* WHAT IS BEING ASKED *
From the data below, set down exactly the lines between the one holding "Dried fruits and" and the one holding "An overhead view", inclusive, and no others.

* Items from a dataset *

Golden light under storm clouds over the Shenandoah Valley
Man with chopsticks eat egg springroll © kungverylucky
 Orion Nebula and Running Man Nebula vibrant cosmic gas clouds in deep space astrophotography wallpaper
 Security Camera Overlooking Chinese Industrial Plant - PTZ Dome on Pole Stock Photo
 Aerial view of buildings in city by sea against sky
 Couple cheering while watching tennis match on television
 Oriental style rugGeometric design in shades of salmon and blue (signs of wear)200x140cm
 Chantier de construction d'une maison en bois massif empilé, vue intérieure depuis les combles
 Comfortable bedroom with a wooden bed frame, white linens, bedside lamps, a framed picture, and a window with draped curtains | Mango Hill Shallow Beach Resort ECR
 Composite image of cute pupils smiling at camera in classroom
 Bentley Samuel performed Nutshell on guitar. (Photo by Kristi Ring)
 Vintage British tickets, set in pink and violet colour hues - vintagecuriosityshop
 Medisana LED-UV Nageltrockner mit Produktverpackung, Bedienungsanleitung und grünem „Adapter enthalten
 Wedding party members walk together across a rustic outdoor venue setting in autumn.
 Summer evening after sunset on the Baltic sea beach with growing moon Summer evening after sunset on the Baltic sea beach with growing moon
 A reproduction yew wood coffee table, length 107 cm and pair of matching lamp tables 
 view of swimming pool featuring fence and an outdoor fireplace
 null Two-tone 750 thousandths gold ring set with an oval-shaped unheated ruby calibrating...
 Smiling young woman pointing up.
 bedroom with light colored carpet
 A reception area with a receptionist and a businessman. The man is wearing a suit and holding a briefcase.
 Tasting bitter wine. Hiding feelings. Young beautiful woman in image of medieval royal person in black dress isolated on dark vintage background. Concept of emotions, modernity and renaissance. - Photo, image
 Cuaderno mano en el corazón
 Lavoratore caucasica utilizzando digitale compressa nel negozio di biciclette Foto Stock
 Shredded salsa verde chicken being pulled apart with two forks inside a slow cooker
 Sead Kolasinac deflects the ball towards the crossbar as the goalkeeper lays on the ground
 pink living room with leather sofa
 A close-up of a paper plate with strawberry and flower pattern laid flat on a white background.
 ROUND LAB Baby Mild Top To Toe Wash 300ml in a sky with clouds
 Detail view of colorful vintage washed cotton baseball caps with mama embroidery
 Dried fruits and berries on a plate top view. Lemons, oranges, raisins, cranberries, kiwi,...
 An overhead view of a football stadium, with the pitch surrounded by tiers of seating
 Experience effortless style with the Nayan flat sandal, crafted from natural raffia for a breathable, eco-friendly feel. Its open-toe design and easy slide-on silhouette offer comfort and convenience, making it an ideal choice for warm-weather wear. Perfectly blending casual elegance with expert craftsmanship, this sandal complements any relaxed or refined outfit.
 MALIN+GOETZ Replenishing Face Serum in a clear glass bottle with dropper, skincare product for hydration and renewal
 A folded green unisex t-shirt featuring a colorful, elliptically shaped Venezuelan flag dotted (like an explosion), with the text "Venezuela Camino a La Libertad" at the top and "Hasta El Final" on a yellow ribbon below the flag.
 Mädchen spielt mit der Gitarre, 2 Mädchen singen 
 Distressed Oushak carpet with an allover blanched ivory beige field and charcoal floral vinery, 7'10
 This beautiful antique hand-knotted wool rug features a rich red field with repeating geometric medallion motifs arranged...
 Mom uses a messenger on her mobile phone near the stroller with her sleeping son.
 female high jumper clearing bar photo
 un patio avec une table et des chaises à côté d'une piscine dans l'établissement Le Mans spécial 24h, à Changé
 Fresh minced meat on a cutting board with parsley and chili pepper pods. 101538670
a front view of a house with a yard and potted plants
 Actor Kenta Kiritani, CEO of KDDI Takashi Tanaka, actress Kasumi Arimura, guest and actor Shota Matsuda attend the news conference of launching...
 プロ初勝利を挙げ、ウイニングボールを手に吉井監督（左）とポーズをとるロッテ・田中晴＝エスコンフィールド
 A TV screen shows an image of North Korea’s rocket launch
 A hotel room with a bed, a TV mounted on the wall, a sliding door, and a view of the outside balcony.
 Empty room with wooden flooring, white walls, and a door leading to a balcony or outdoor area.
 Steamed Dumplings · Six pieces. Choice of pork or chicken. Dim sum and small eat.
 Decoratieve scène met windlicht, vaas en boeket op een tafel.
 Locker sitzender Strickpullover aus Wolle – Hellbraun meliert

* EXERCISE ANSWER *
 Dried fruits and berries on a plate top view. Lemons, oranges, raisins, cranberries, kiwi,...
 An overhead view of a football stadium, with the pitch surrounded by tiers of seating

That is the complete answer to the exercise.